Bis anhin betreffen die Ausführungen die Wertsteigerung, die der Begriff „Materialität“ im Zuge des material turn erfahren hat. Die konkrete Funktionalisierung des Begriffs konzentriert sich in der Materialitätsdebatte jedoch bei Weitem nicht nur auf rein physische Aspekte. Vielmehr wird der Begriff ebenfalls auf abstrakteren Ebenen verwendet. Christoph Kleinschmidt macht bezüglich der Begriffsbestimmung von Materialität zwei komplementäre Positionen aus:

So verstehen viele Positionen unter Materialität eine „konkrete Stofflichkeit“, „Dinglichkeit und Körperlichkeit“. Andere sprechen hingegen von der „Gegenwärtigkeit von Dingen“, begreifen Materialität also gerade nicht als ein „vordergründig Stoffliches“, sondern als ein „Erscheinen“, „absolute Präsenz“, „Augenblick“, „Widerstand“, und „Beharren“.19

So denkt etwa Dieter Mersch in Was sich zeigt.
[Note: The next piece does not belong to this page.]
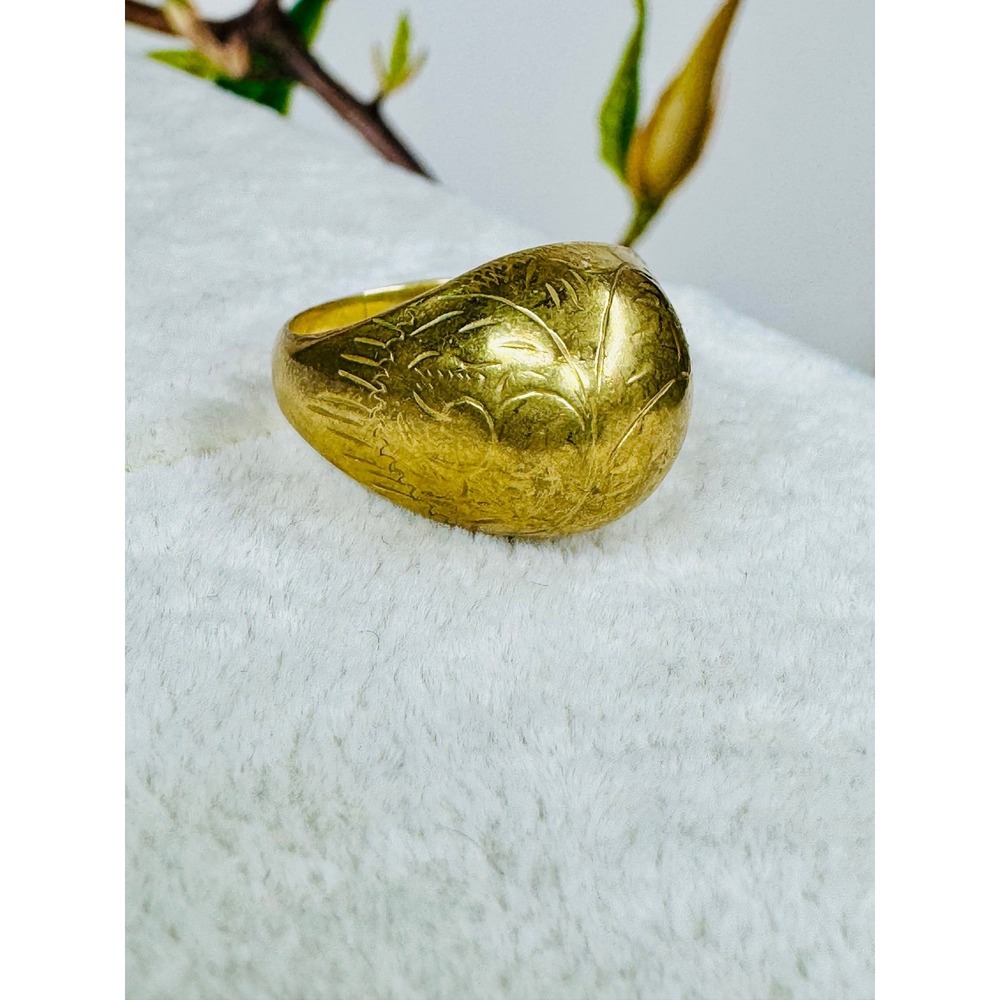 Vintage Hand Engraved Gold Brass Tone Chunky Floral Dome Statement Ring Sz 8.5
Materialität, Präsenz, Ereignis (2002) Materialität nicht als etwas hauptsächlich Physisches, sondern etwas, „was sich von dort her erst ereignet: Erscheinen, das kein ‚Etwas‘ beinhaltet, keine Erscheinung-als, sondern vornehmlich ein ‚Wirken‘, das geschieht.“20 Dagegen betrachtet Erika Greber et al. in Materialität und Medialität von Schrift (2002) das Schriftzeichen „in seiner Eigenwertigkeit, seine visuelle und haptische Materialität, eine Konkretheit, Dinglichkeit und Körperlichkeit.“21 Und Erika Fischer-Lichte konstatiert für die Theaterwissenschaft: „Die theatralen Elemente in ihrer spezifischen Materialität wahrzunehmen heisst also, sie als selbstreferentielle, sie in ihrem phänomenalen Sein wahrzunehmen.“22 Christian Benne äussert sich zum Inhalt des Materialitätsbegriffs für die Literaturwissenschaft wie folgt:

Sich auf die Seite der Materialität zu schlagen heisst, Stellung zu beziehen gegen den Idealismus, gegen alle Vorstellungen eines bereinigten und idealen Texts, gegen den „Geist“ oder die blosse Ergründung der ästhetischen Normen des literarischen Texts. Auf der anderen Seite richtet sich Materialität auch gegen die Auffassung, dass Texte unabhängig von ihrer Rezeption und dem kulturellen Kontext ihrer Produktion existieren […].23

Entsprechend wird in der vorliegenden Arbeit ein breit gefasster Materialitätsbegriff verwendet, der konkret stoffliche Aspekte beinhaltet, die beispielsweise bei der viel gelobten Buchgestaltung Tove Janssons evident werden. Ferner beinhaltet er ebenfalls das Machen von Literatur als Kunst in ihrer Materialität – also das physische Arbeiten –, was sich etwa in spezifischen Arbeitspraktiken wie auch poetologische Reflexionen dieser Thematik zeigt. Der geschilderte Materialitätsbegriff wird ausserdem vor dem Hintergrund einer Prozessualität betrachtet, welche Tove Janssons Schaffen inhärent ist. Dies belegt etwa die turbulente Herausgebergeschichte der Muminbücher, ein Kunstprojekt, welches sich während über 20 Jahren stetig erweitert und erneuert hat. Mit anderen Worten, Materialität wird in der vorliegenden Arbeit als ein dynamisches, veränderliches Konzept verstanden, was wiederum mit der erwähnten Prozessualität einhergeht.